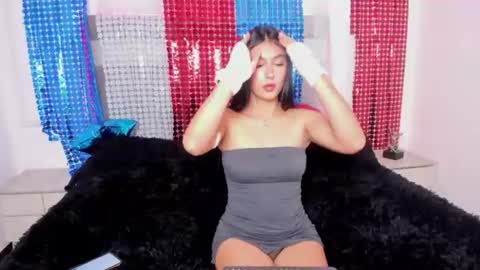Isabella online show from July 4, 8:01 pm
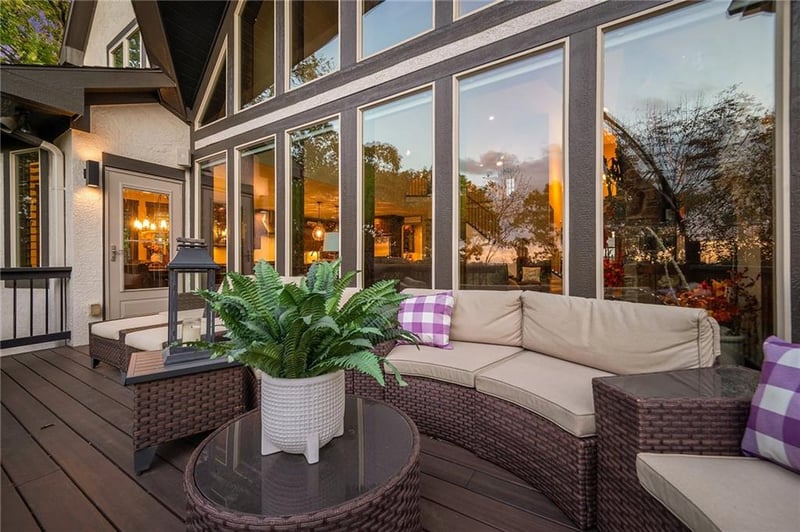 16218 Canterbury Rd, Overland Park, KS 66085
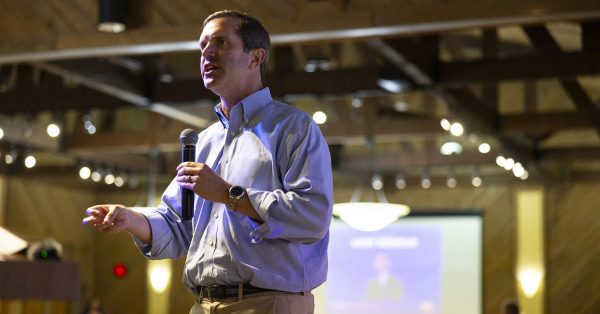 Gov. Andy Beshear speaks during the 26th annual Bean Dinner on Friday, Aug. 4, 2023. (Kentucky Lantern photo by Austin Anthony)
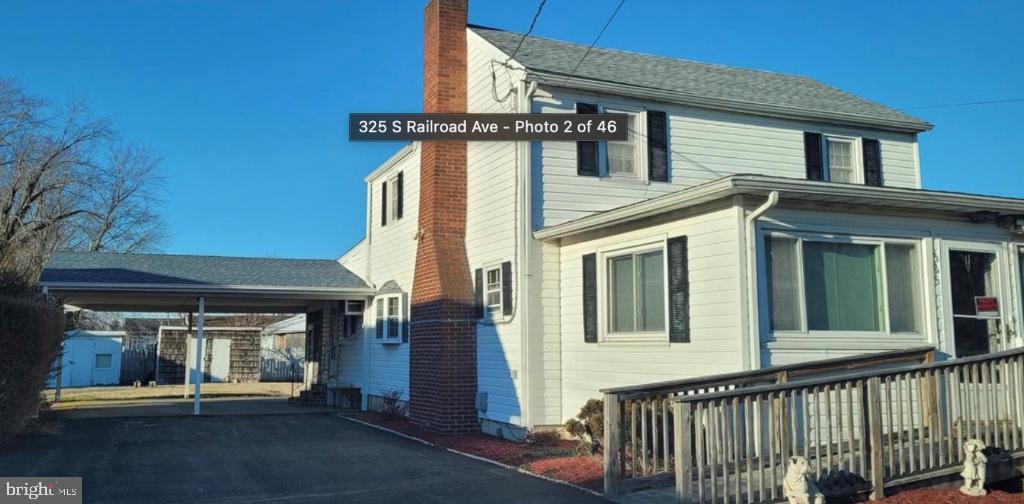 325 S RAILROAD AVENUE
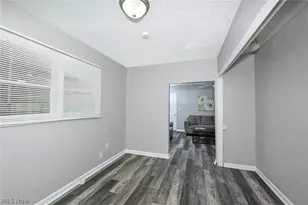 1376 Seward Ave, Akron, OH 44320 - Photo 12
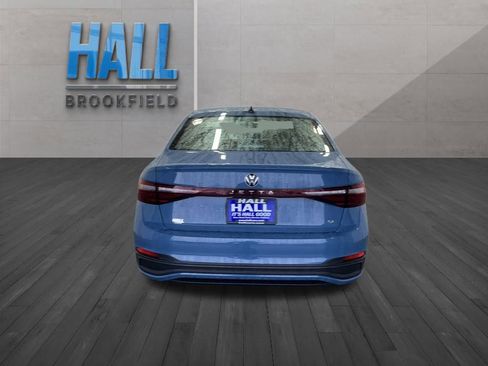 New 2026 Volkswagen Jetta SE image 4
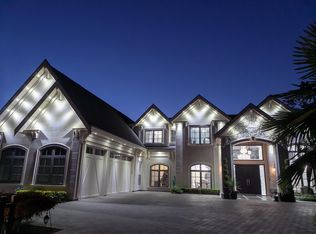 5711 Riverdale Dr, Richmond, BC V7C2E4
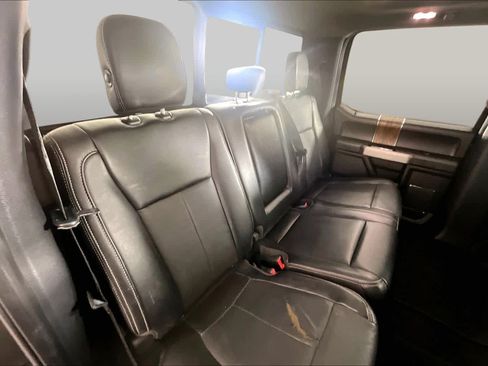 Used 2019 Ford F150 Lariat w/ Equipment Group 501A Mid RWD image 19
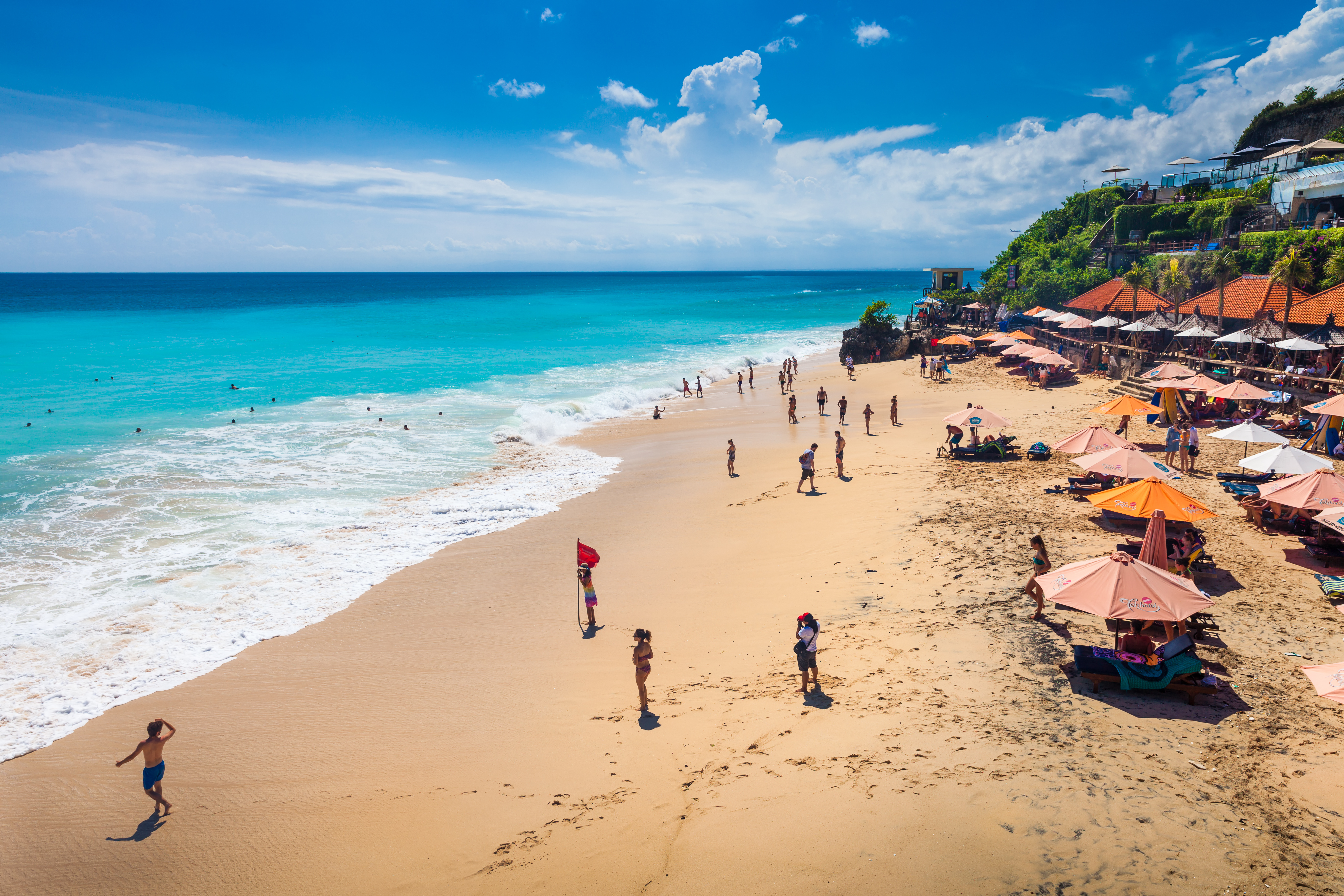 Shutterstock 459979345 (BALI, INDONESIA FEBRUARY 12, 2016 Pantai Dreamland Beach South Kuta Tropical Beach Island Bali Indonesia, Bali Editorial Use Only)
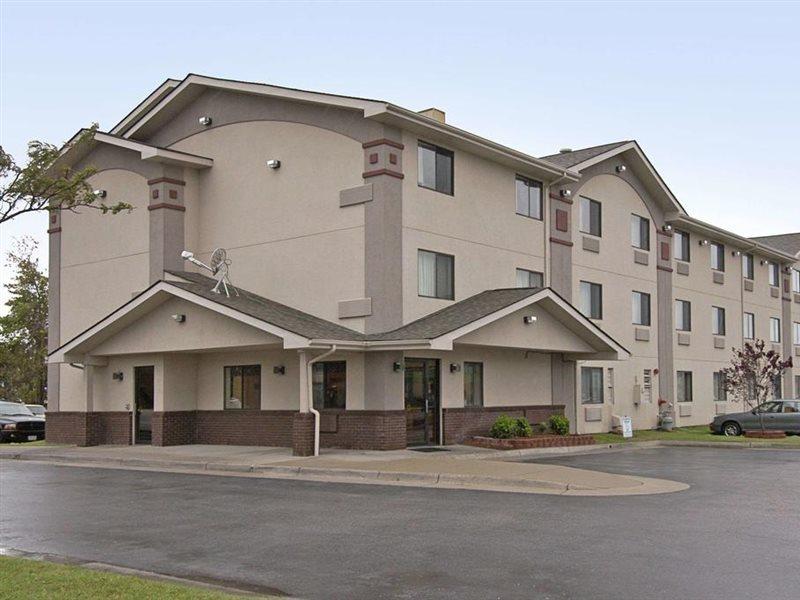 Super 8 By Wyndham Newport News/Jefferson Ave. Hotel Eksteriør billede
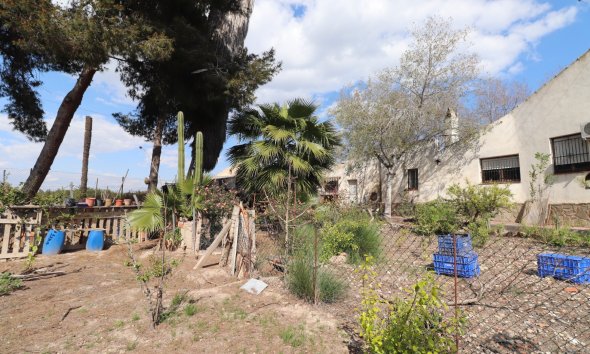 Resale - Villa - Heredades - Heredades - Village
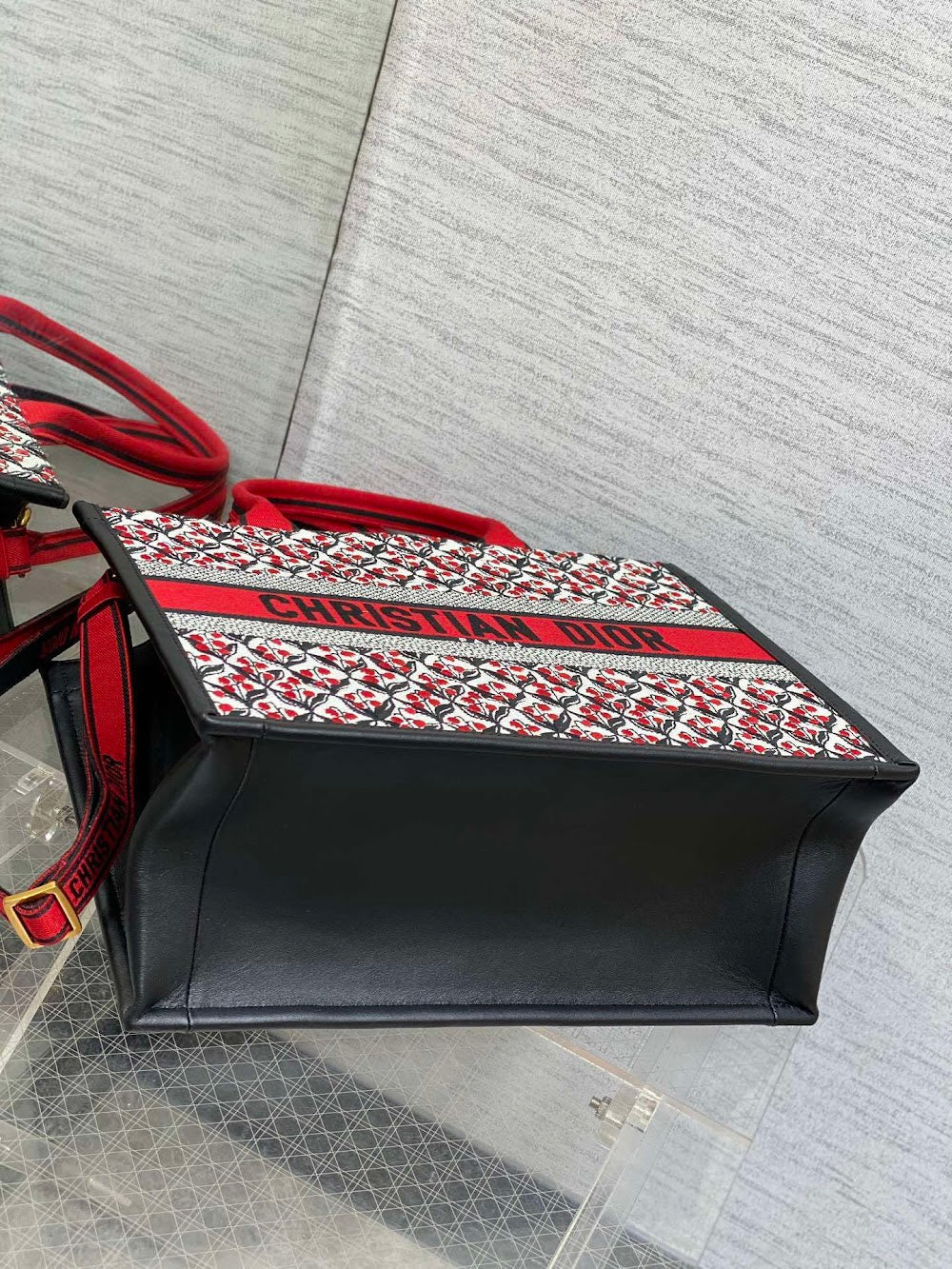 new-luxury-designer-bags-nm16080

● **WHAT YOU WILL DO**: Please print the lines exactly, from the top of the material through the line with "New 2026 Volkswagen Jetta SE image 4", and omit the pictures.

● **YOUR SOLUTION**:
Isabella online show from July 4, 8:01 pm
 16218 Canterbury Rd, Overland Park, KS 66085
 Gov. Andy Beshear speaks during the 26th annual Bean Dinner on Friday, Aug. 4, 2023. (Kentucky Lantern photo by Austin Anthony)
 325 S RAILROAD AVENUE
 1376 Seward Ave, Akron, OH 44320 - Photo 12
 New 2026 Volkswagen Jetta SE image 4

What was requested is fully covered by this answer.